Can Old-School Customer Service Meet Multichannel Expectations?

“The phone is dead, let’s put more customer service representatives on Twitter. It’s all about self-service now, we need more people working chat.” If you talk to most companies about customer service, you’re likely to find they’ve become hyperfocused on multichannel. Social media, chat, video, Web—there’s a scramble to provide several avenues to serve customers.

And what about your agents? Can they be trained to handle cross-channel duties? Do you need to hire specialists in social media? When it comes to offering the best customer service, industry experts say that the more things change, the more they remain the same.

The Need for Speed

Consumer expectations have shifted in the past 10 years; now customer service is about immediacy and the contextual. Customers expect companies to know who they are and why they are calling. While the channels have changed, the pre-IVR, old/new concept of building a relationship with the customer and providing personalized interaction is paramount.

“This is a really big shift for companies that have always thought that the contact center is about driving cost efficiencies,” says Sam Boonin, vice president, product and platform marketing at Zendesk. “The idea of a contact center that just deals with customer complaints in bulk, there’s a real mismatch in those models, and that’s what companies are really struggling with. That’s been a really big change over the past five to 10 years.”

Strap into Your Swivel Chair

To provide a personalized experience, agents are increasingly wearing several hats. They might be speaking with someone on the phone where they are completely focused, with no distractions. But with the addition of other channels such as live chat, the agent may be connecting with three other customers at the same time. The same can be true with email or social. “In order to work with different channels, agents need to context-switch faster—you can’t focus just on one customer conversation,” Boonin says.

Boonin points out that agents also have to traverse more systems in order to get customers’ questions answered. “It used to be really simple—all you needed to do was log in to an order-management system and get a little bit of information from the customer.

“But now, because of the nature of technology, agents have to switch back and forth between many more systems, and their job is a lot more challenging.” 

Knowledge is Power

One thing that hasn’t changed is knowing what you’re talking about in the first place. No matter what channel a customer uses, to build a strong foundation, agents will always need to be trained and subsequently coached on a company’s processes and products.

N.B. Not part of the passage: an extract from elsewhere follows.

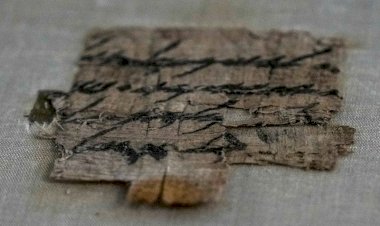 İsrail, 2.700 Yıllık Nadir İbranice Papirüsü Açıkladı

Interestingly, multichannel use of self-service has heightened this need. Research is increasingly finding that customers prefer self-service more than any other channel. Carrying out simple tasks such as tracking a package or finding out what color a shirt is available in can be done on a mobile or Web site in seconds. Today, unless a problem is more complicated, customers can avoid frustrating IVRs or agents.

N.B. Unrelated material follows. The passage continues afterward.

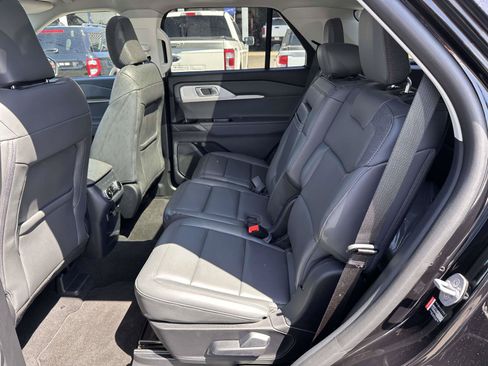 Used 2025 Ford Explorer Active w/ Active Comfort Package AWD/4WD image 14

“It’s kind of oxymoronic—the more things to be found out about online, the higher an agent’s skills need to be because the questions are harder,” says Sheri Petras, CEO of CFI Group. “Those skill sets become more and more important as simple queries are addressed online.”

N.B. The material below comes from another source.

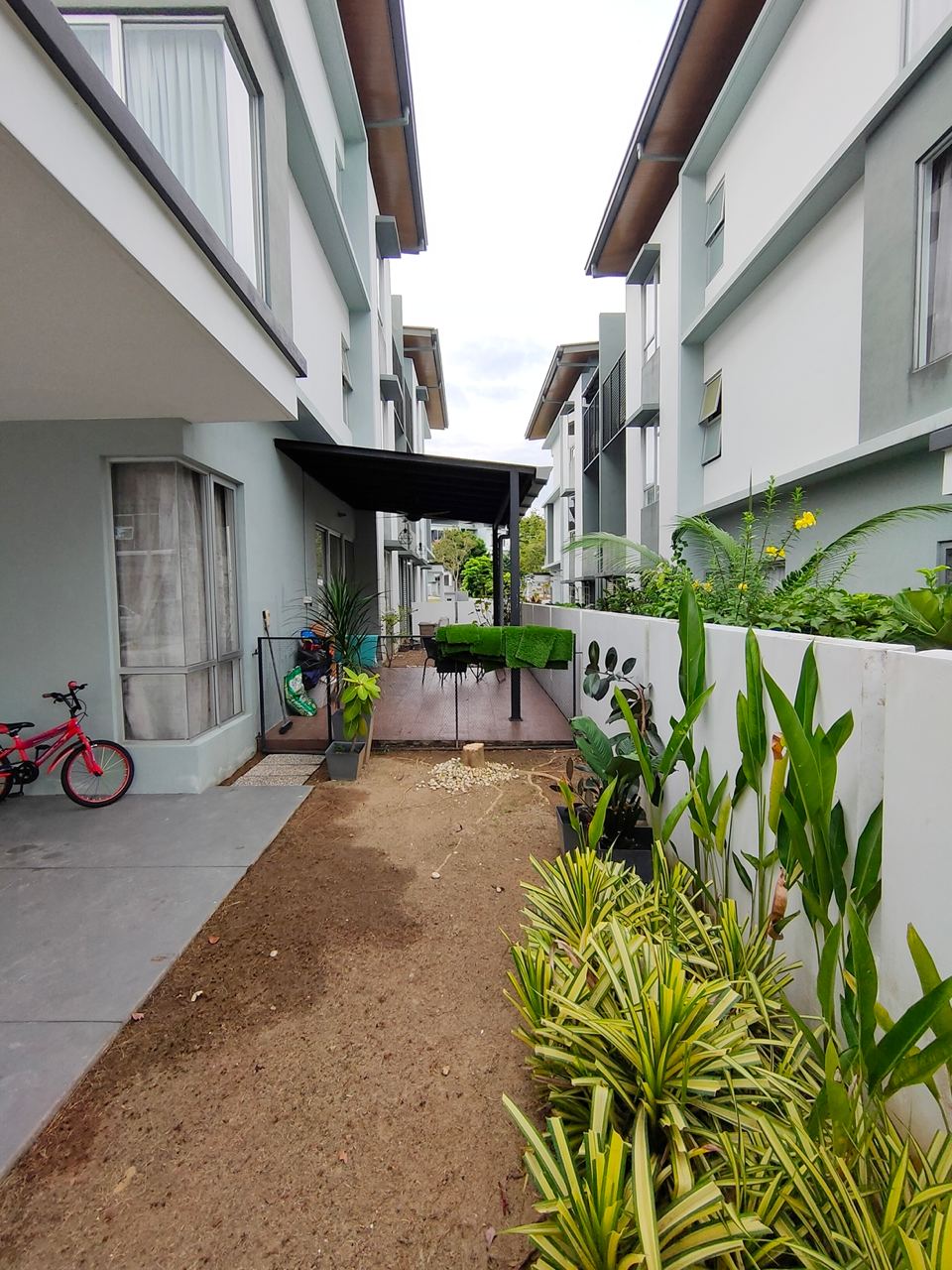 Fully Furnished Parkfield Tropicana Heights Kajang - photo 2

The No. 1 Skill Multichannel Agents Must Have

According to industry experts, regardless of new technologies and an array of channels, soft skills remain the most important tool in an agent’s arsenal. Chief among those skills is empathy—the ability to relate to a customer, make them feel like their issue is important and that they are heard.

“The No. 1 skill that’s necessary is the ability to address customer issues, to see things through a customers’ lens,” Petras says. “You can train people how to do social media or call center software, but I don’t know that you can train empathy.”

Boonin points out that going back 20, even 30 years ago, personal relationships between agent and customer were wiped out by IVRs. Yes, IVRs save companies a lot of money, but often at the expense of customer satisfaction.

“Customer service has been about systems and processes that were designed to make it impossible to let customers interact with companies,” Boonin says. “Now, because of changes in consumer behaviors and companies like Zappos, organizations are bringing the relationship back into customer service.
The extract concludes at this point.